Ко мне было благодушное отношение в комендантской. Имело значение, видимо, то, что я уже вне тюрьмы. И хотя все знали, что я еду в тюрьму в Туркестан, то как-то забывали об этом и рассматривали меня, как подлежащего освобождению. Все время около меня толпились группами чекисты. Даже из канцелярии иногда приходили послушать наши разговоры. И долгими часами длился наш бурный импровизированный митинг. В эти дни дежурил чекист — рабочий, хвастливый, самодовольный человек. Он все приставал ко мне с вопросом:

— Чего вы хотите сейчас, меньшевики? Свободы торговли? Она дана. Отмены разверстки? Она отменена.

— Мы хотим свободы слова, печати, собраний, союзов и стачек, — разъяснял я ему, — отмены диктатуры коммунистов, уничтожения Чеки…

Но политические требования не доходили до ушей чекистов. Тогда я говорил о разрушении промышленности, о бессмысленности национализации. И это встречало сочувствие. Крестьянские сыновья особенно сочувствовали критике всей продовольственной и аграрной политики. В конце концов единогласно решили, что меньшевиков скоро освободят, даже больше, их пригласят войти в правительство. В комендантской Губчеки были устранены все препятствия к «соглашению»…

Но пока нужно ехать в Туркестан. Пришли из города мои спутники, радостные, возбужденные. Они раздобыли много денег и лелеяли мысль о большом барыше по возвращении… Днем в три часа мы вновь выехали на вокзал. Опять чудесная поездка вдоль города на крестьянских санях, мимо улиц, оживленных базаров. Опять чудесная толчея среди солдатских шинелей, крестьянских тулупов, у агитпункта, у буфета. Мы быстро получили литеры и стали ждать опоздавшего поезда. Я решил отправиться с одним из чекистов пообедать на воле и пока что осмотреть город. Но скоро уже в городе нас нагнал извозчик, загнавший до пота свою лошадь, и слезавший с него чекист сказал:

— Немедля назад в Губчеку ехать.

Его послали за нами. Какая-то телеграмма получена… Ничего не поделаешь.

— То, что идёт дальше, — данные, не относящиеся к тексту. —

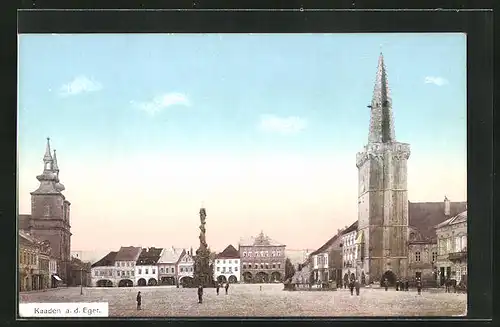 AK Kaaden / Kadan, Marktplatz mit Kirche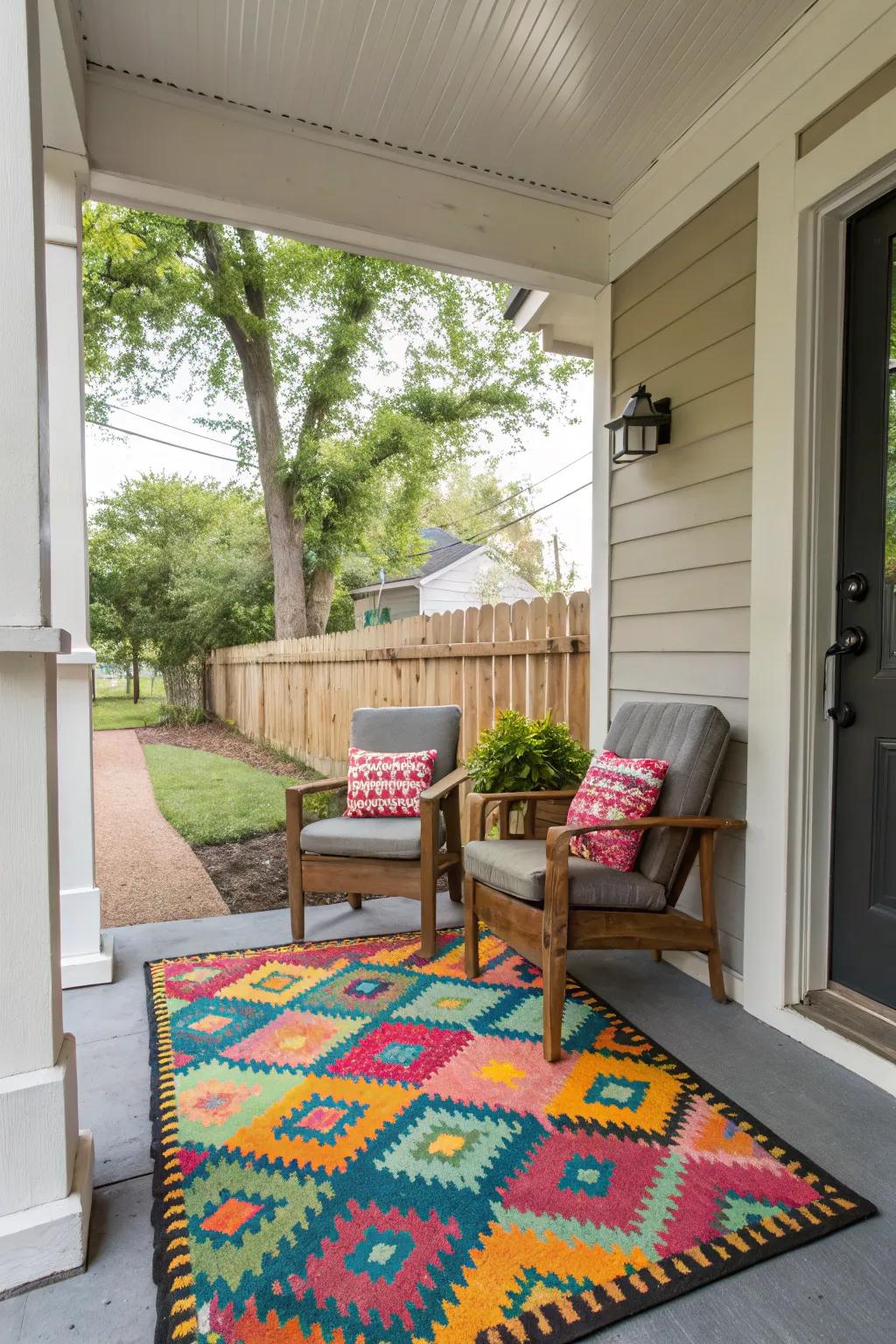 Define your space with a stylish outdoor rug.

По-видимому, закончилась моя поездка в Туркестан. Мои спутники были огорчены еще более меня. Мы приехали в Чеку и оттуда меня тотчас же водворили в Централ. По секрету мне сообщили, что ВЧК распорядилась задержать мою отправку в Туркестан. И я снова водворился в Централе на насиженном месте, устраиваясь прочно и надолго. Но через неделю меня снова взяли. ВЧК требует доставки меня в Москву. За эту неделю прибыли мои теплые вещи и продукты. Я мог свое пальтишко оставить на память анархисту Барону и в последний раз простился с Централом. Впереди маячила Москва, и на душе было радостно.